As a paradigm for application:
Alternatively, look at using Chef to manage cluster/clouds. My general approach to configuration management is to avoid a system that relies on configuration (a well thought out convention works better).
Finally you also touch upon updating data and providing reasoning (the 2 again are slightly interelated). Depending on whether you use a SAN (shared S3 bucket or not) will determine how this happens. If you do use a shared S3 bucket, then you might follow the Milton and Keynes paradigm (master slave, updates go to the slave, slave becomes master). If you aren't then you might want to follow a star topology or chain topology, with nodes dropping out of the cluster and updating and then re-entering the cluster. If you insist on supporting inference, then this becomes a whole lot more complicated if you deside to forward chain (infact you might need to refactor the architecture quite considerably), but shouldn't be affected by backward chaining. Additionally, take a look at the native features of allegrograph and see how they align.

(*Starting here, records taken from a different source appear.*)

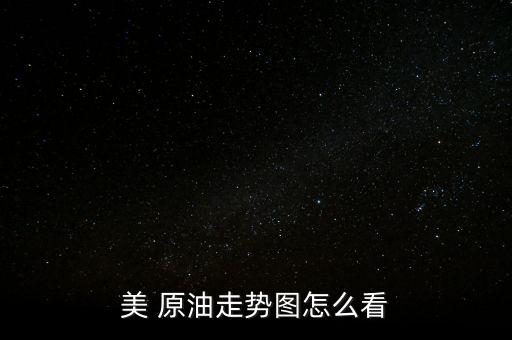 怎么看原油k線(xiàn)圖,原油價(jià)格突破均線(xiàn)成下跌狀態(tài)怎么看?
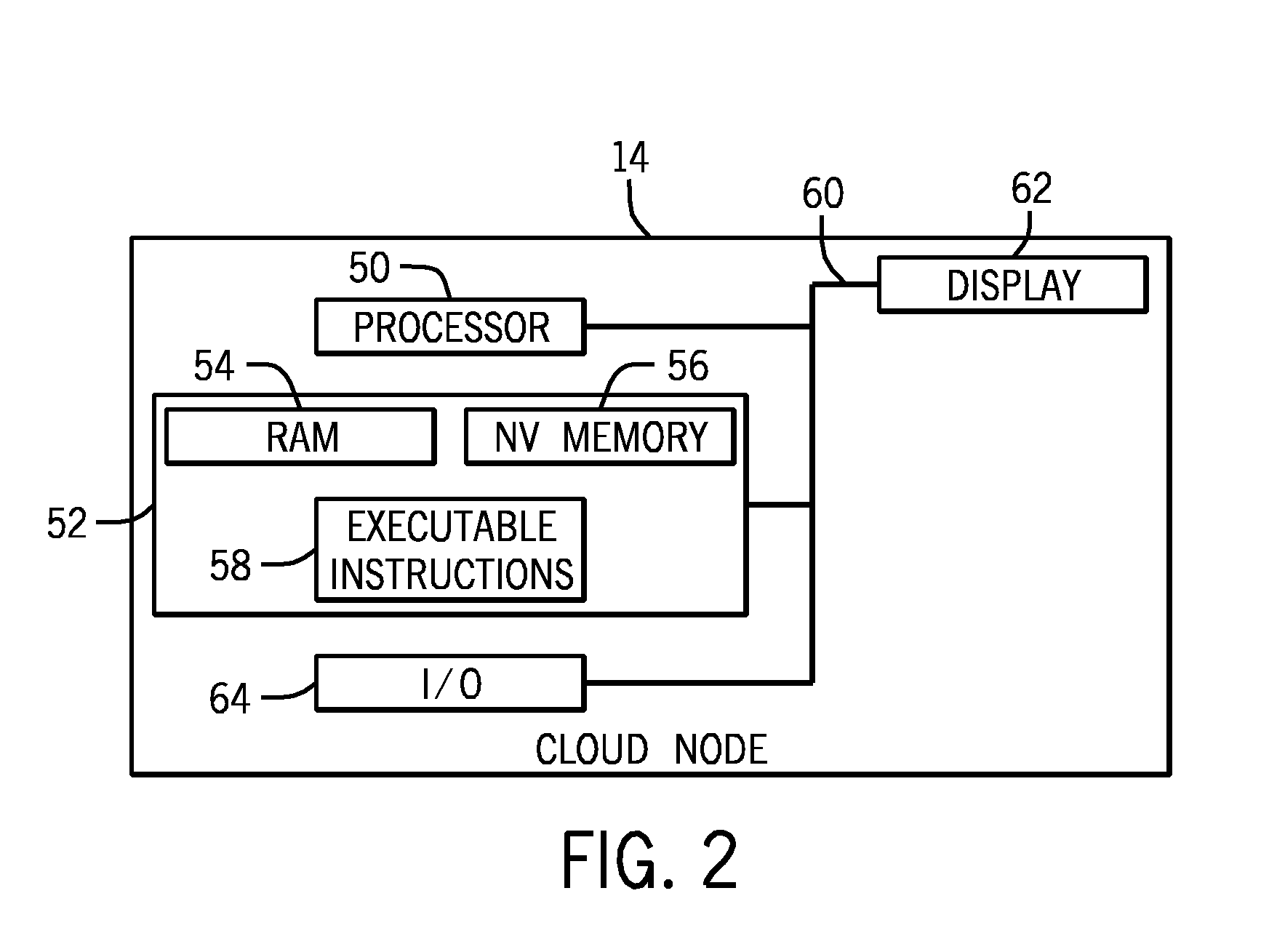 Cloud computing environment for biological data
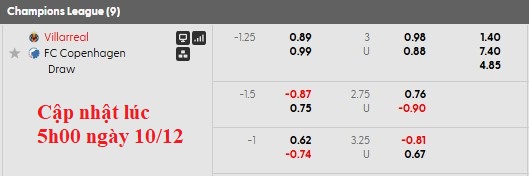Nhận định, soi kèo Villarreal vs Copenhagen, 2h45 ngày 11/12: Không còn đường lùi - Ảnh 4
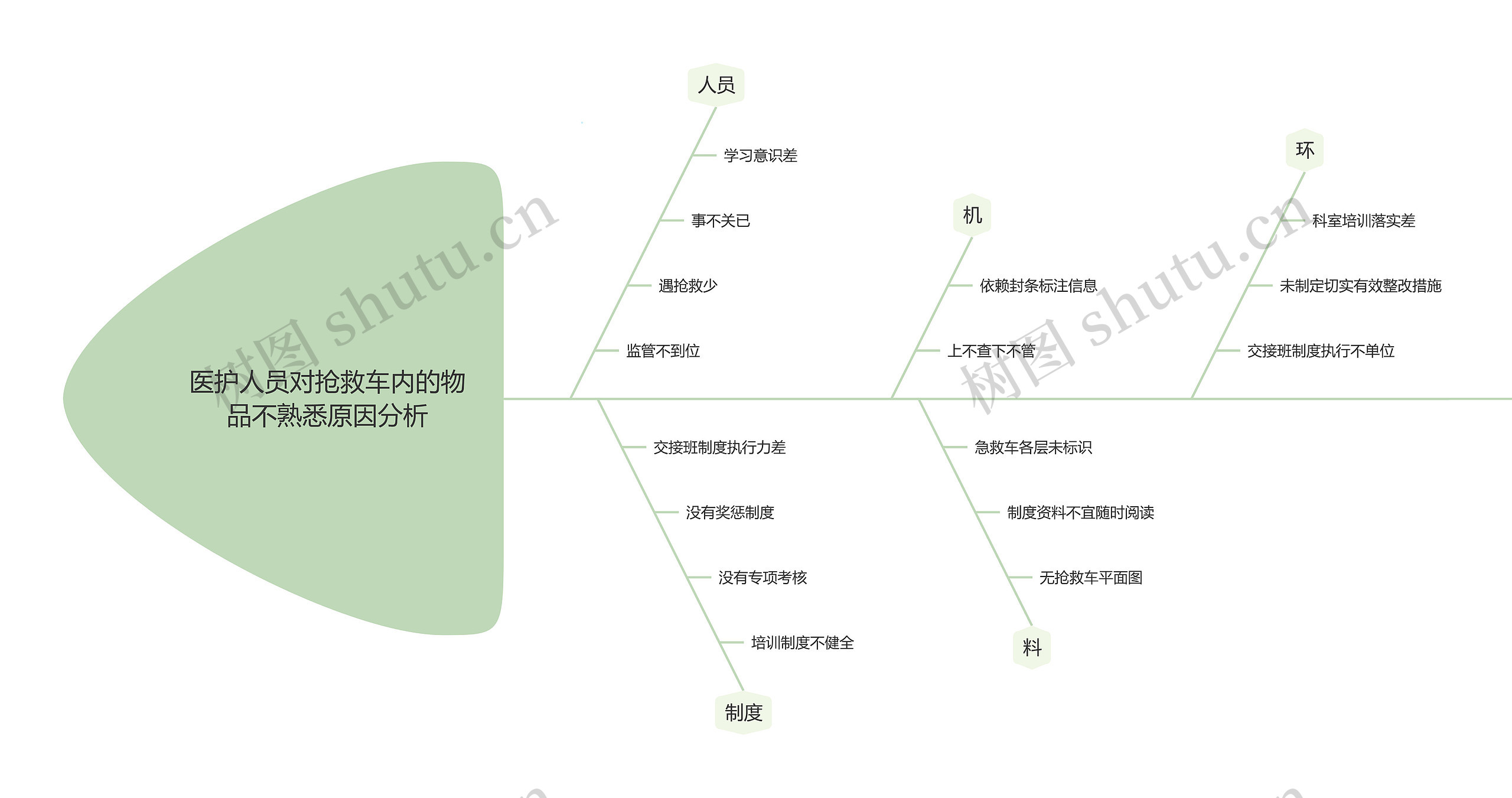 医护人员对抢救车内的物品不熟悉原因分析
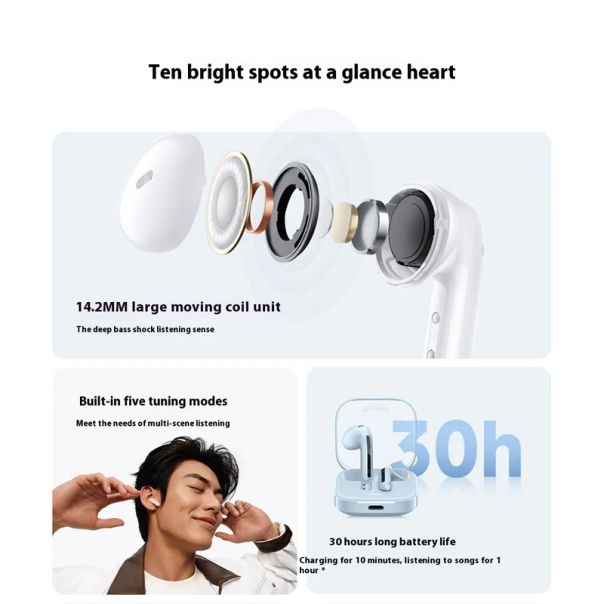 Bluetooth slušalice Xiaomi Redmi Buds 6 Active crne - 615413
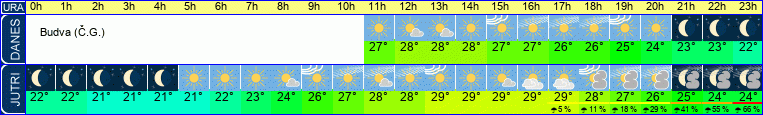 Wetter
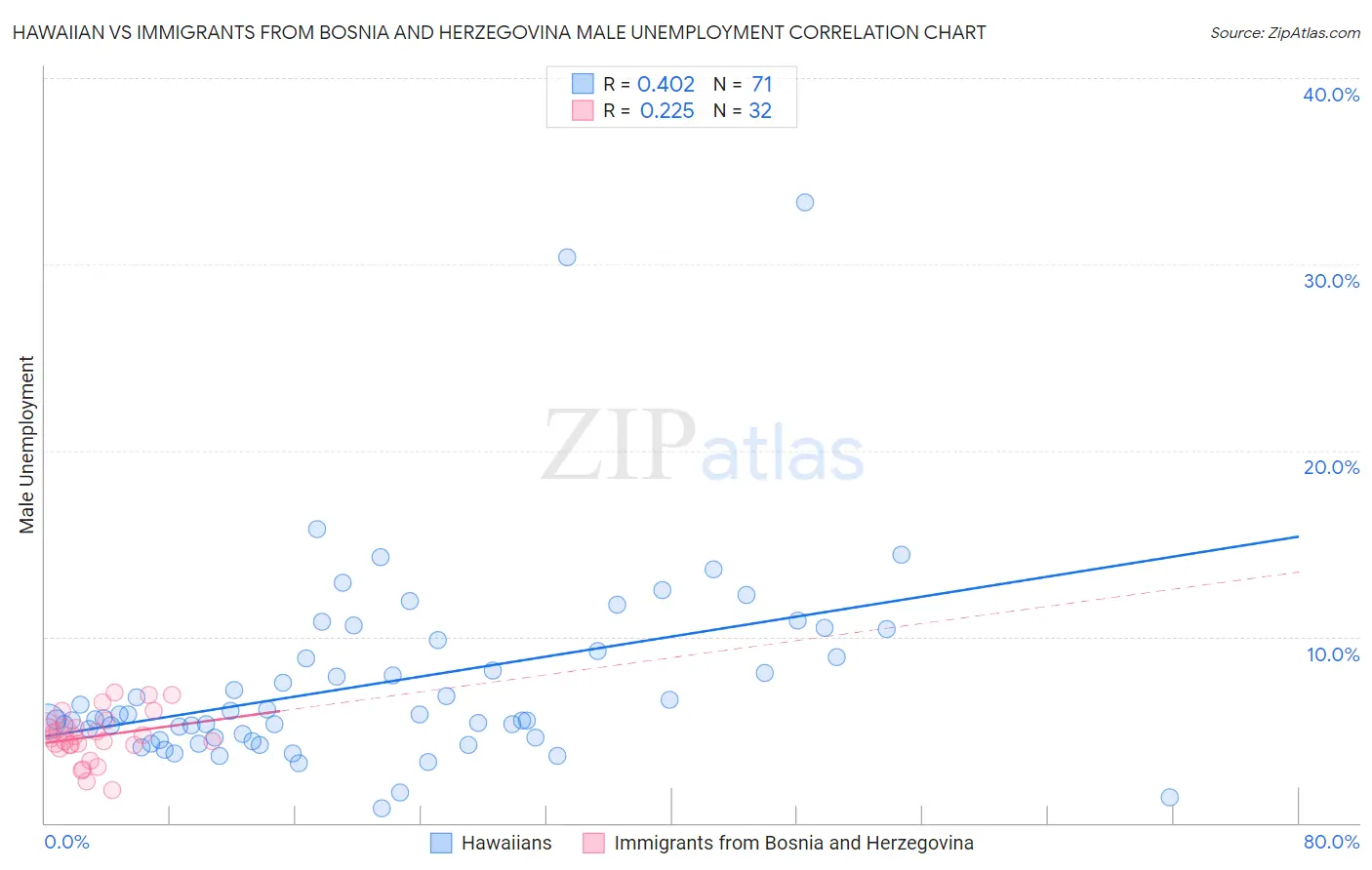 Hawaiian vs Immigrants from Bosnia and Herzegovina Male Unemployment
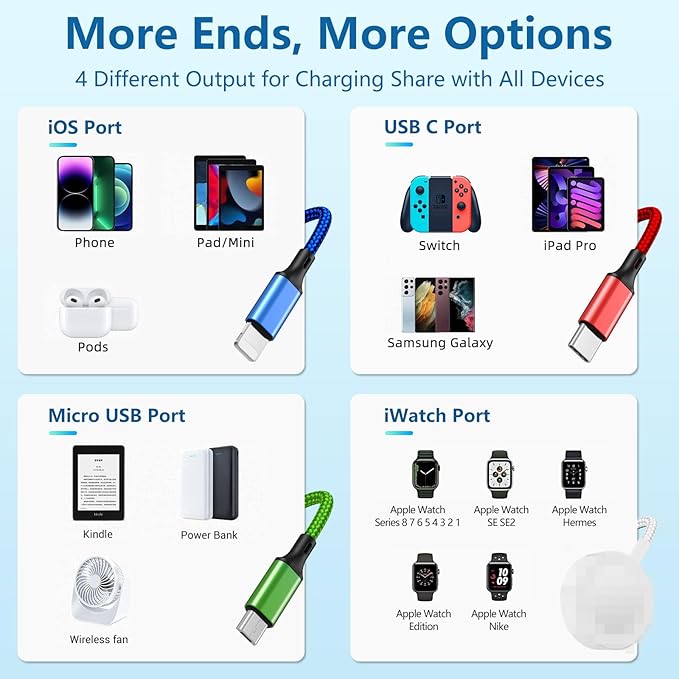 2Pack Multi Charging Cable for Apple Watch Charger 4 in 1 Travel Essentials - Image 5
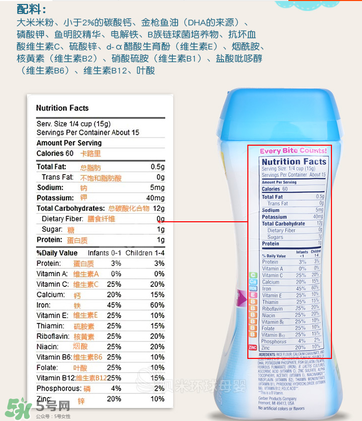 嘉寶dha米粉含鐵嗎？ 嘉寶dha米粉含鐵量多少？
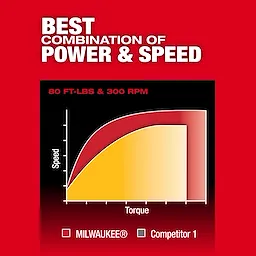 Graph comparing speed and torque of M12 FUEL 1/2" Ratchet with a competitor, showcasing the ratchet's superior performance with 80 ft-lbs torque and 300 RPM.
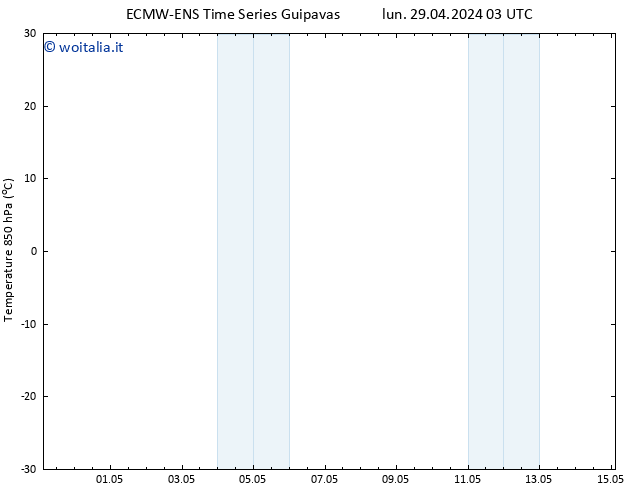 Temp. 850 hPa ALL TS mar 30.04.2024 03 UTC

I'm going to add a 3rd dimension to what @William says.
Before you build a system out you need some sense of what it is going to cost per unit value it delivers.
To take a simple example, Facebook has an ARPU (average revenue per user) of about $5 a year. Salesforce.com has an ARPU that's closer to $1000 per year. Whatever else Facebook does, it can't be spending more than $5 a user in hardware costs. This impacts the scaling of the business because the cost increases as you add users, unlike, say, software development, which can be amortized against a growing user base.
When you fetishize 'scaling' at the expense of efficiency, you're just building a system that will make you go broke faster on a bigger scale. Rather than just burning through your own bank account, you can burn through the bank accounts of some venture capitalists too.
I'm speccing out a system which needs very fast U.I. responsiveness and I can say the production system is not going to use a triple store for certain queries, if it uses one at all, because I need to know these come back in less than a second.
It's important to know what specific scale you have in mind and compare that to what others are doing. Sindice, using a hybrid system, handles 50 billion heterogenous triples. The people at Franz have gotten 1 trillion triples into Allegrograph but that took a machine with 240 cores, 1.2 TB of RAM, two weeks of load time, and certainly close attention from people who understand the product very well.